Listening to and talking about them all brings me back to my youth—when I was less prone to irony and cynicism and could lose my mind over music.
I regret saying that now, not just because of Great Britain's lengthy history of choosing to do the wrong thing but also because it probably hurt my mother’s feelings, and I don’t feel that way anymore. Englishness is an abstract idea to me.
My family has been here too long to feel any real connection to it beyond cultural ones. I do really like my last name; it’s pretty cool, I think. But I also would be happy if I had a last name that ended in a vowel and might sound like a pasta shape to the undiscerning.
Going into Latin class, I hated the Romans. I admired the Greeks because of the culture they created, and I didn’t like that the Romans put an end to that and ripped off Greek culture wholesale.
The Greeks made for interesting reading in history class and they had so much to offer in the arts. One of those ancient civilizations that is endlessly fascinating because of how different it can be from our current way of living but also wholly relatable. I loved reading Greek myths, when I was insecond grade I lost track of how many times I checked out D’Aulaires’ Book of Greek Myths from the school library.
When I read R.L. Stine’s memoir, It Came From Ohio, mythology books were one of the things he mentioned getting from the library. I read Norse mythology as well as books collecting Native American mythology and myths from China and Japan. I recall one book that collected creation myths from around the world. It pulled from a variety of sources, and some parts of it were strange, some familiar.
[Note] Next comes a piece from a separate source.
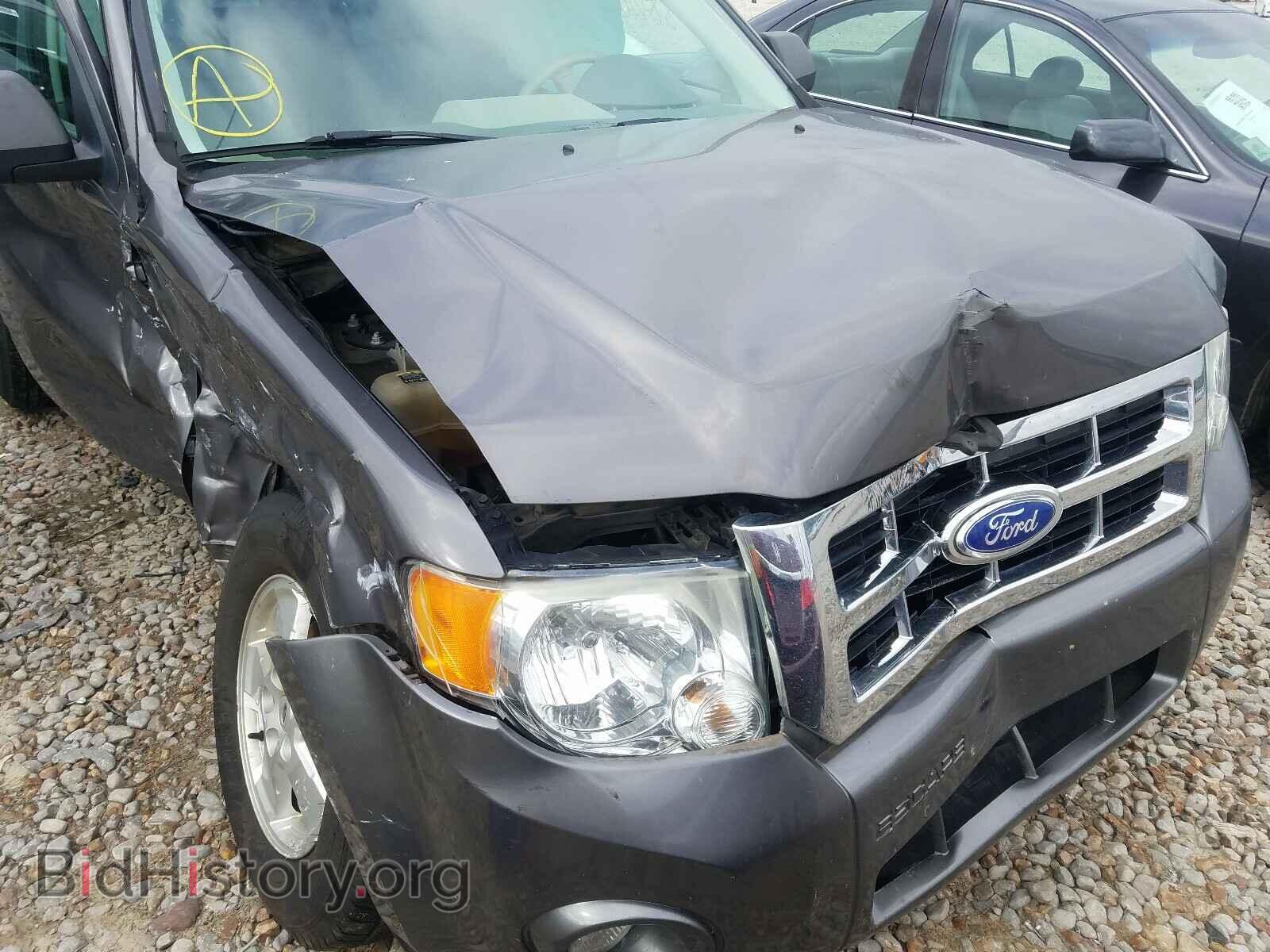 2011 FORD ESCAPE - VIN: 1FMCU0DG4BKC48151 - Фото 9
I can see why Joseph Campbell reached the conclusions he did. I take comfort in the fact that the foundational myths of every culture have something in common. They typically feature heroes who follow a higher calling, who aspire to overcome the weakness of the flesh and body, and who sometimes fall short.
We have more in common than not. That’s why I tend to get along well with people from similar cultures. We understand each other on some level and won’t bat an eye at behavior that others might consider eccentric or rude. I think the connection of a common linguistic ancestor may be why I tend to hit it off with people from similar backgrounds, generally speaking, those with ancestry from places around the Mediterranean.
Greek was the language with a lot of scientific terms. The Greek I knew was mostly from paleontology. Later I’d pick more up from English class as well as Latin. There were many borrowed Greek words and even attempts at recreating some Greek verb tenses. Virgil uses it in The Aeneid at times. Those were tricky to translate because Latin doesn’t have a middle voice. The one example I can think of was translated something like “with respect to her long flowing robe.”
Latin class is where I fully embraced Rome. Latin was one of two languages my school offered with Spanish being the other. I’d had a sampling of it in middle school and liked it, but I was intrigued by a chance to study something new. And I’d heard great things about the teacher. What I heard was accurate and she was one of my favorite teachers I’ve ever had.
A passionate educator and an engaging classroom presence. She made it a point to enrich our learning beyond the scope of the class by talking about other pieces of work that would stimulate us, get us thinking of the world in new ways, and enrich our life. She was quoted in A Companion to Catullus on why she opted to teach his works.
In furnishing her own pedagogical perspective on why she teaches Catullus, and why she thinks her students like to read him, Nancy Wilson, a teacher at Decatur Central High School in Indiana who studied with Frank O. Copley at the University of Michigan, also emphasizes the emotional appeal of the poems as well as the aesthetic achievement:
“I teach Catullus because his poetry is beautiful and extremely well structured... [T]een-agers relate more to him than to Caesar and his war battles and descriptions of terrain they’ve never seen.... [H]is poetry is so emotional and it allows us to see that these ancient Roman people we study were just like those of us today. They possessed jealousies, fear, hurt, and love. It makes them more real to the students. By reading Catullus we also get a chance to examine ourselves, our motives, our pains and sorrows - in other words, to examine our humanity.”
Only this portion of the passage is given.